Write files to: `agents/{name}/references/` or `skills/{name}/references/`

**Gate**: Each generated file is between 80-500 lines. Run both checks:
```bash
python3 scripts/validate-references.py --agent {name}
python3 scripts/validate-references.py --check-do-framing
```
Both must exit 0 before proceeding to Phase 4.

---

### Phase 4: VALIDATE

**Goal**: Confirm the reference files meet Level 3+ depth before integrating.

**Tier 1 (Deterministic):**
```bash
python3 scripts/audit-reference-depth.py --agent {name} --json
```
Verify the `level` field is 3 in the output. If still below Level 3, the files are too
generic — return to Phase 2 for the weak sub-domain.

**Tier 2 (LLM self-assessment):**
Read each generated file and apply the rubric from `references/quality-rubric.md`. Ask: would
a reviewer using only this file produce Level 3 quality output? Concrete test: pick one
anti-pattern from the file — does it include a grep command to detect it?

**Gate**: Both tiers pass. If Tier 2 fails for a specific sub-domain, loop back to Phase 2 for
that gap only (not all gaps).
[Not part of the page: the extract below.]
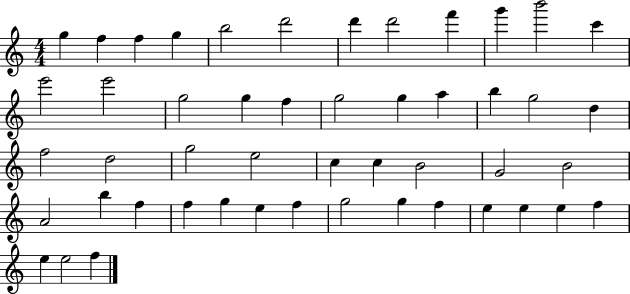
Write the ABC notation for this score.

Maximum 2 loops per gap before flagging for manual enrichment.

---

### Phase 5: INTEGRATE

**Goal**: Wire the new references into the component so they are actually loaded.

1. Read the component's .md file
2. Add or update a loading table in the body — pattern from `skills/do/references/repo-architecture.md`:
   ```
   | Task type | Load |
   |-----------|------|
   | {task}    | `references/{file}.md` |
   ```
3. Write the updated .md file
4. Run validation:
   ```bash
   python3 scripts/validate-references.py --agent {name}
   python3 -m pytest scripts/tests/test_reference_loading.py -k {name} -v
   ```
5. Stage all changes: `git add agents/{name}/ skills/{name}/`

**Gate**: Validation passes. Changes staged. Report the level change (was: N, now: M) and list
each new file with its line count.

---

## Reference Material

Load when the task type matches:

| Task type | Load |
|-----------|------|
| Understanding Level 0-3 criteria | `references/quality-rubric.md` |
| Creating new reference files | `references/reference-file-template.md` |
| Decomposing bloated components | Run `python3 scripts/detect-decomposition-targets.py --skill {name}` first |

---

## Reference Loading Table

| Signal | Load These Files | Why |
|---|---|---|
| tasks related to this reference | `quality-rubric.md` | Loads detailed guidance from `quality-rubric.md`. |
| tasks related to this reference | `reference-file-template.md` | Loads detailed guidance from `reference-file-template.md`. |

## Error Handling

**Gap analyzer fails**: The component may not exist in expected paths. Check both `agents/` and
`skills/` directories, and `~/.claude/agents/` for deployed copies.

**Phase 2 gate fails** (fewer than 10 concrete findings): The domain may be too narrow or already
well-documented upstream. Flag and suggest manual enrichment with project-specific production
incidents rather than generic docs research.

**Phase 4 Tier 1 still below Level 3 after compile**: The files are too short or too generic. Read one
file, apply the rubric directly, identify the weakest section, and target Phase 2 research at
that section specifically.

**validate-references.py not found**: Script may not exist for this component. Skip that check,
proceed with `audit-reference-depth.py` as the sole Tier 1 gate.

**Decomposition validation fails**: Content was lost during extraction. Restore from the
snapshot at `/tmp/decomp-before-{name}.md`. Check that each extracted content block appears
in a reference file. Common cause: a code block was partially extracted or a table was split
across the body and a reference file.